• EXERCISE AIM: Search term "Road": copy each line of the data containing it.

(Scraped caption text data)
--------

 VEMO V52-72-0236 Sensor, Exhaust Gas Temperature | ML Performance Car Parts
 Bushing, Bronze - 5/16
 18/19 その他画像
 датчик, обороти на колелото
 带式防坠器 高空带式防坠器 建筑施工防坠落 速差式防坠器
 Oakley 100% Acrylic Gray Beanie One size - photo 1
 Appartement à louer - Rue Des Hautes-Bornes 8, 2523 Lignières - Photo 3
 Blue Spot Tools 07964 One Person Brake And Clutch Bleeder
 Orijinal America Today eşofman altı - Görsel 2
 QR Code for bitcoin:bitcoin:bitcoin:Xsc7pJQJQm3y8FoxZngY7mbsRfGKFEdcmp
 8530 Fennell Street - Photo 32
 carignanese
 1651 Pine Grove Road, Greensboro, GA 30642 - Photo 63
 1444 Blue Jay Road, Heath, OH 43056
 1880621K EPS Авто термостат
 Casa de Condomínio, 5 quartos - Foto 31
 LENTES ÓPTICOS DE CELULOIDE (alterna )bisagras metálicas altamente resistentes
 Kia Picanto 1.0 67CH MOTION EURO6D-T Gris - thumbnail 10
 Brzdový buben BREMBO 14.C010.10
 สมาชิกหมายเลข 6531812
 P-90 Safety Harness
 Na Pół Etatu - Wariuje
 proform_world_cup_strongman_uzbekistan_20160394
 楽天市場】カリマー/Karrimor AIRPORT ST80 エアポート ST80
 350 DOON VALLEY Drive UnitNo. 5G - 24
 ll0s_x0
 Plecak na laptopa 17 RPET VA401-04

--------

• REPLY TO THE TASK:
 1651 Pine Grove Road, Greensboro, GA 30642 - Photo 63
 1444 Blue Jay Road, Heath, OH 43056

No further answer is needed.